Pictures with short captions:
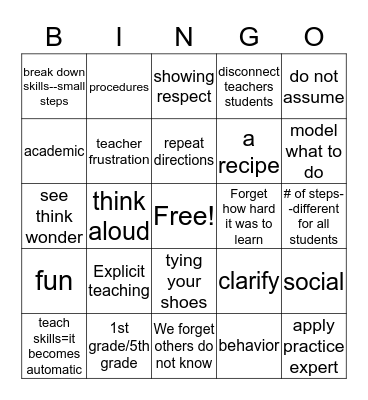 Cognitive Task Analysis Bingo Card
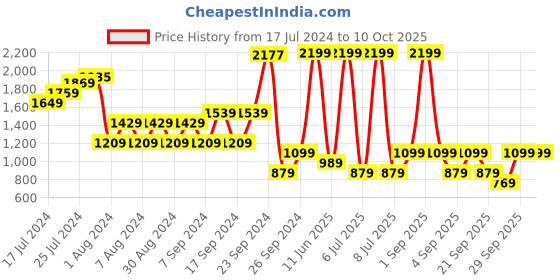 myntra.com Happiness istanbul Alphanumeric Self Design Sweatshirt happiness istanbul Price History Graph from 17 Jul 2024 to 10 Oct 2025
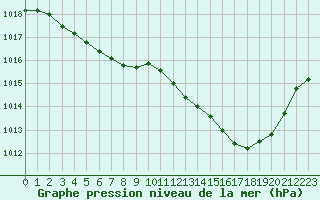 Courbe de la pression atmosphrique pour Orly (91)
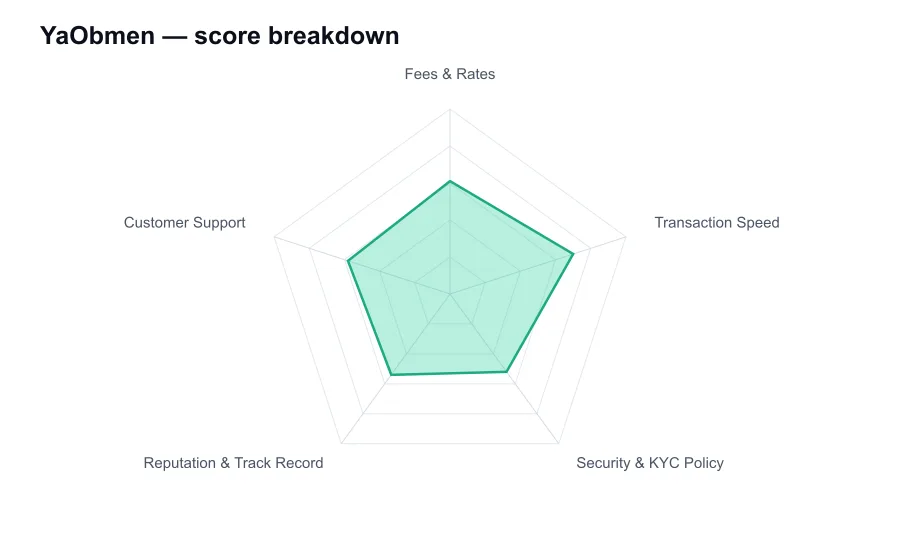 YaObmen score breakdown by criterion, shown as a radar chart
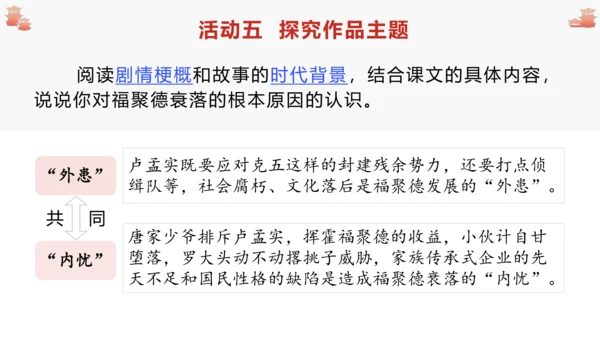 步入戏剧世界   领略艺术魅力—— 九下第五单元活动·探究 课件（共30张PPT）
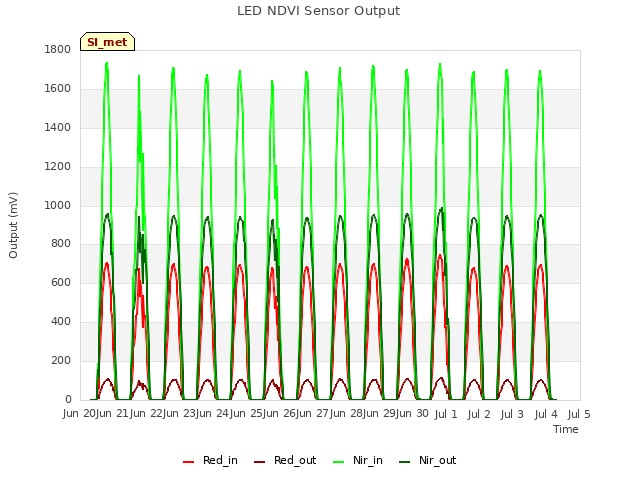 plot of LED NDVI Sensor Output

*Problem*: Print, exactly and without pictures, the lines from the one holding "Courbe de la" through the last line of the entries above, both included.

*Exercise solution*:
 Courbe de la pression atmosphrique pour Orly (91)
 YaObmen score breakdown by criterion, shown as a radar chart
 步入戏剧世界   领略艺术魅力—— 九下第五单元活动·探究 课件（共30张PPT）
 plot of LED NDVI Sensor Output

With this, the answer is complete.